The art and science of recruiting reads like a "who dunnit" mystery and rarely is any thought given to how we plan and plot our placements, much less what you as a client are paying for. While I subscribe to the cliché a great chef never gives away a recipe, I thought you might like to know a little bit about where the bucks go.

Recruiters have two things to sell: their time and their knowledge; one is interlaced with the other and there are hard costs associated with both. In another light, we're thought of as rain makers -- recruiting people who'll bring their existing business and/or knowledge that makes the top line grow and/or manages the expense lines in between the top and the bottom.

You might be surprised to know that recruiting is a "1% business". It takes 100 to get one -- only 1% of the people we meet become either candidates OR clients. And it's rare, probably less than 30% of the time that we place someone who's already in our datasphere. Personally, I do about 15 transactions a year and I manage a rolodex of 50,000 names and numbers. It's constantly shrinking and growing and fed by referrals, research and the occasional CD-ROM "data-dump". Subscriptions to on-line search engines, job posting sites, trade events and other marketing, travel & entertainment are a big part of the hard costs that have replaced what most people perceived as a big phone bill.

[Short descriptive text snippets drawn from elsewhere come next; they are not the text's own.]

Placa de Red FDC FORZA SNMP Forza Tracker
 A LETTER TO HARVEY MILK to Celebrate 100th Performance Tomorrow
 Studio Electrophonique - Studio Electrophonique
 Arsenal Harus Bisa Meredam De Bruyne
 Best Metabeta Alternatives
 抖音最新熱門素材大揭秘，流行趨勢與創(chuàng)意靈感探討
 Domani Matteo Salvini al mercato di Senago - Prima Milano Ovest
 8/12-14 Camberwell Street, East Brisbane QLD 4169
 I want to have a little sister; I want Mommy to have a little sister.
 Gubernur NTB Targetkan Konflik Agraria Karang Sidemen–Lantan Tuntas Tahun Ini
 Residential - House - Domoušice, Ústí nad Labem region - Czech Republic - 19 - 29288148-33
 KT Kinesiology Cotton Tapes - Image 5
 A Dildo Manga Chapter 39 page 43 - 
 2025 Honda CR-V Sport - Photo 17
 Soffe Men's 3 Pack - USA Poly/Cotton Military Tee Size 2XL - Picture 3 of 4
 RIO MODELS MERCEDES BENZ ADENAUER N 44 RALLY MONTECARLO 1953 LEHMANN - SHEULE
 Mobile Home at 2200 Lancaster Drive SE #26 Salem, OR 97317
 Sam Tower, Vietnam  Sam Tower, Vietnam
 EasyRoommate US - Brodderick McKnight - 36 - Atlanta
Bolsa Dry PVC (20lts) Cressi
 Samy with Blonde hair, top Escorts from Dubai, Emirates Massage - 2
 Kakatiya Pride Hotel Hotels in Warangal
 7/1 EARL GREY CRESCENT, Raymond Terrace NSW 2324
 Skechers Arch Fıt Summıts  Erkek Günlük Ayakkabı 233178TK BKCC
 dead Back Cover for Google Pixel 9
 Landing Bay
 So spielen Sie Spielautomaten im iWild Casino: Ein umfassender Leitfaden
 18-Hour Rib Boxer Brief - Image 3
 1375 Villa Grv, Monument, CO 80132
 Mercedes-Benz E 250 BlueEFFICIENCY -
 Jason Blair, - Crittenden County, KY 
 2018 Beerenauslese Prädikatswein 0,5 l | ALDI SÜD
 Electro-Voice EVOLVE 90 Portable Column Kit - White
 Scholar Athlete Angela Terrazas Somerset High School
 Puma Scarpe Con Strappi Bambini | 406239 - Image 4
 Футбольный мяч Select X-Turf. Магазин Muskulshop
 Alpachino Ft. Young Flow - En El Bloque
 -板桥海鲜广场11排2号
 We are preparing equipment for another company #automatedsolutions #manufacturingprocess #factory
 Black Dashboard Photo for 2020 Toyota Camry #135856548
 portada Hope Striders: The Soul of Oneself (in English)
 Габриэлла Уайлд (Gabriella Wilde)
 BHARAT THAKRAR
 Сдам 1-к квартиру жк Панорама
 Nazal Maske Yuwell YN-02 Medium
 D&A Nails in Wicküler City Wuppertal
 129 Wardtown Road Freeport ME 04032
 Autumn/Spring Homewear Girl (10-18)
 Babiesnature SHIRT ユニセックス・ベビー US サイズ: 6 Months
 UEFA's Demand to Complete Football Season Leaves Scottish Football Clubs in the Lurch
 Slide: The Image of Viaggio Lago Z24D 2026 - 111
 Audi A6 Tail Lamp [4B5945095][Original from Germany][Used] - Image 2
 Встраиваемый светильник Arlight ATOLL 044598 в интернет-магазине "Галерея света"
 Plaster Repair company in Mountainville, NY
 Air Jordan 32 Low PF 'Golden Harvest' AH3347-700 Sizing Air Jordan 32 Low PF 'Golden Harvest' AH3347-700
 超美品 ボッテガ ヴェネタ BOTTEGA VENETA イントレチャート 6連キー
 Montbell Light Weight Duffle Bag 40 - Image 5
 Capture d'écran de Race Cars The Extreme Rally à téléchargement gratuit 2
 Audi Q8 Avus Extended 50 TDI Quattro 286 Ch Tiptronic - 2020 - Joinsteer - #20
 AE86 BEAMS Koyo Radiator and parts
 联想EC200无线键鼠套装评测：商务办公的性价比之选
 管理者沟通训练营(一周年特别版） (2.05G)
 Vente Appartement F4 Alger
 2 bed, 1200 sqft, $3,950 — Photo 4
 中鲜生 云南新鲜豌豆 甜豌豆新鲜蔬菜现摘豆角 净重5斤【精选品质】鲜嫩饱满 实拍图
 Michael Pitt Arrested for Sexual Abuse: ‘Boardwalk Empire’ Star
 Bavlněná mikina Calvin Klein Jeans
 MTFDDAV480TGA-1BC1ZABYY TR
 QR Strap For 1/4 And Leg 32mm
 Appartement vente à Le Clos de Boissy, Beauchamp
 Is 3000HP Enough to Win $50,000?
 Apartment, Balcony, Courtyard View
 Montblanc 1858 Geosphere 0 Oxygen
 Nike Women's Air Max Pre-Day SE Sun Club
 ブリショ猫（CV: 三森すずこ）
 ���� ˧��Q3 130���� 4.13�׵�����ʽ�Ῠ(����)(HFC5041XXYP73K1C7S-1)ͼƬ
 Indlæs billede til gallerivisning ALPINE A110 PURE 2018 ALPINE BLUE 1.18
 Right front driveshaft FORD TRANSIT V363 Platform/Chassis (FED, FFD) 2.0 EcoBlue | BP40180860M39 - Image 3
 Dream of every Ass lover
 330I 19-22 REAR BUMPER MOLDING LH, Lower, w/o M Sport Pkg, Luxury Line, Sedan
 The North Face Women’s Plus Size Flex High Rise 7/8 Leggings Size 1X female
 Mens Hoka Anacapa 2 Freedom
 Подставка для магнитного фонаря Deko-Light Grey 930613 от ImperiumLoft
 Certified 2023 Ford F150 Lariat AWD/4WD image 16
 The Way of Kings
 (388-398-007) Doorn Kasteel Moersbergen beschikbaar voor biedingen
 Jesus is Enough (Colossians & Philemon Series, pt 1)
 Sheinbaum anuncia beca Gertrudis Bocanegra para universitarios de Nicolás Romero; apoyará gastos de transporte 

We spend time sorting the wheat from the chaff interviewing candidates, staying current with industry trends, networking and reviewing hundreds of resumes every week. The soft costs add up and are hard to measure.

Even harder to measure is the value a recruiter delivers in the form of knowledge. Knowing where the bodies lay, how to attract them, and just who REALLY created the "Where's the beef" campaign is part of our value-add proposition. Although I loathe the paradigm, recruiters as "consultants" can provide you with solutions in the form of where to recruit from. Skills from one industry can often transfer into another -- case in point includes my work with 1-800-Flowers and their bricks & mortar business. We recruited from the restaurant industry for operators and marketing people -- think about it: similar locations, delivery, manufacturing (flower arrangements vs. cooking), perishable products -- with no health code permits and you finish the day smelling like a rose instead of fries.

If you only think of recruiters as a source for resumes then you're wasting your money; post your job on Monster.com instead. If you're just looking for someone to "float some paper" (ugh, I just cringe when I hear that) then don't pay more than two-grand per hire -- because you'll probably be replacing them in less than six months anyway. Recruiters are supposed to save you time so you can focus on what matters most: doing your job. We're responsible for the occasional whack on the side of the head -- the things that you can't see sometimes because your too close to the business and your down time is spent with the kids or on the golf course.

Think half-full:"I was smart enough to hire someone who does this all day every day so I could rest easy knowing I hired the best person for the job while I kept doing mine."